BE PREPARED TO TAKE CARE OF SELF & FAMILY

Be prepared to take care of yourself and your family. Even if you have money in the bank and the banks are insured, with things going the way they are right now, it probably wouldn't be a bad idea to keep some cash in a cookie jar. In case of an emergency they'd shut down the banks so there wouldn't be a run on them.

Have food enough for at least a week if not longer. Plant a garden if you have the room to do so. Grow your own food. I remember my Grandparents telling me they knew there was a "depression" but that they didn't notice it much because they were poor already, they lived in the country and they grew their own food. They made do with what they had, and lived off the land.

Learn how to "put up" your own food, i.e., can it, freeze it, dry it. I live on a lot in the middle of town that is 33' wide and 152' deep. I've been able to have a sizeable garden in that space.
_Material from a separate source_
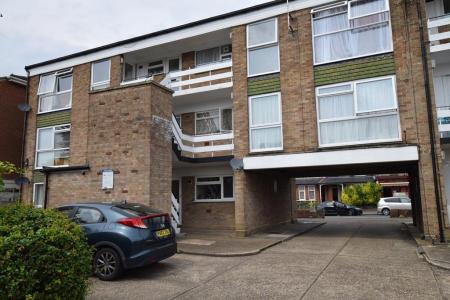 1 bedroom Flat to let in Hatfield Road, St Albans, AL1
I once spent several frantic days of a very hot summer week before I had air-conditioning canning a "side" of beef. My father-in-law asked casually "would you like to have a side of beef", and of course, I said yes. In the past all sides of beef I got were neatly packaged and frozen and I'd bring them home and put them in the freezer. He hauled out a whole rib of beef (approximately 3' x 3' and put it in the trunk of my car! I was astounded. What am I going to do with that? I asked. "Can it." When I got home, I shifted the raw side of beef out of my trunk into my son's little red wagon and hauled it into the house where I somehow got it up on the kitchen table. Then I sterilized canning jars and heated up my pressure canner, and began carving chunks of meat off the ribs and plopping them into cans. When the cans were full, I'd put in a teaspoon of salt, put sterilized lids on top, pop them into the pressure canner, and when it was full, put the lid on it, and can the beef for a half hour or more, the whole time resuming the whole process once again, sterilizing more jars, filling more jars, until I had canned nearly 48 quarts of beef. I got all the jars filled and into the refrigerator, still canning in the pressure canner all night long.
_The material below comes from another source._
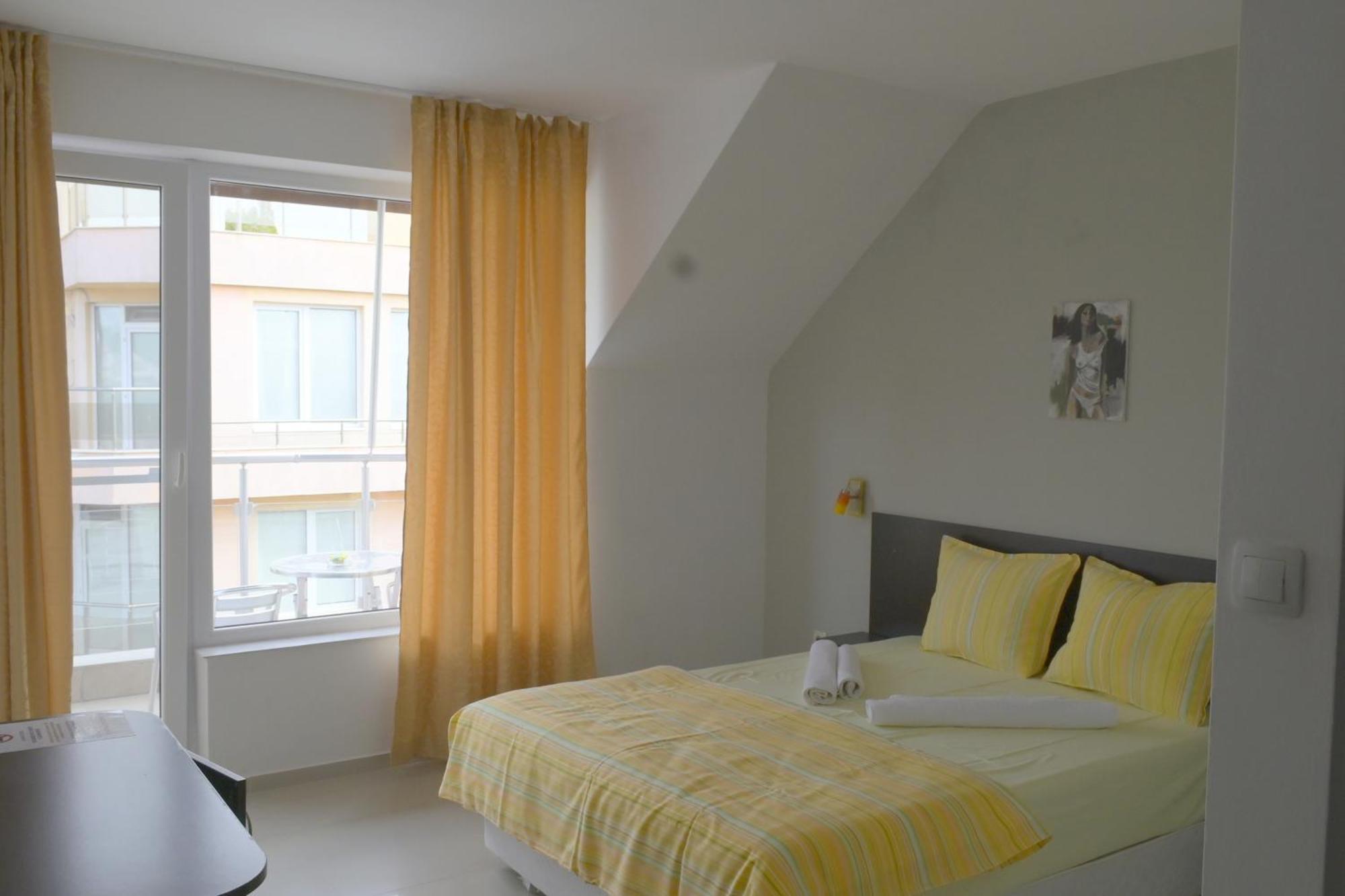 Hotel Paradise Lozenec Kültér fotó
I had already canned lots of tomatoes and peaches and green beans from our garden, but with the beef, we lived on vegetable soup a lot for a couple of years. I even ended up canning vegetable soup so we could have it spread out over the year instead of eating it all at once. Beef stew worked well too.
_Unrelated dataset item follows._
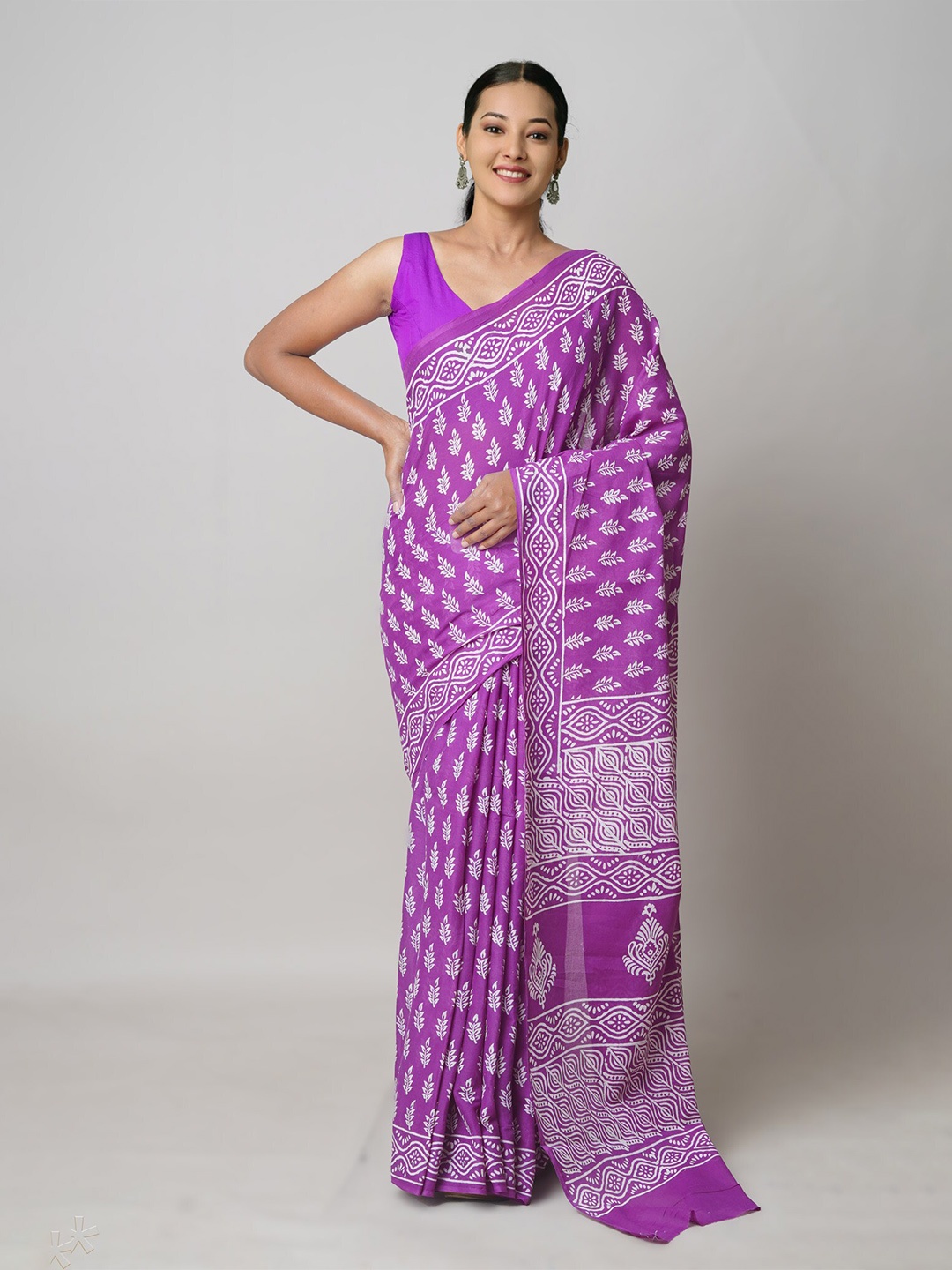 

Unnati Silks Ethnic Motifs Printed Pure Cotton Block Print Saree, Purple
At the time we were also burning wood to supplement our gas furnace in the winter. We cut down trees (some of them I pushed down), and split them and put them in cords for burning. We'd then toss them down into the old coal bin at the house, and burn them in a wood stove that was attached to our furnace. We went through some pretty cold winters and saved a lot of money on natural gas by burning wood. The only downfall was forgetting to run down the basement and fill up the woodburner, and we'd awaken to a house that was 45 degrees (the gas furnace would kick on at 45 degrees when the wood fire went out).

I remember my Grandmother telling me about her mother's bank savings. For a number of years my Great-grandmother had saved her egg money at the bank, in preparation to buy herself a new woodstove for her kitchen. When the depression
came along it wiped out her savings account and she never did get a new woodstove.

The one thing I noticed through those years was that no matter how much money was coming in to the house, there was always enough. One way or another we always survived and we always had enough to meet our basic needs.

The one thing we need to remember is that "God is the Source of our Supply" and we should stop worrying about where it's coming from, just sigh a deep sigh of relief as say "Thank you God for taking care of us."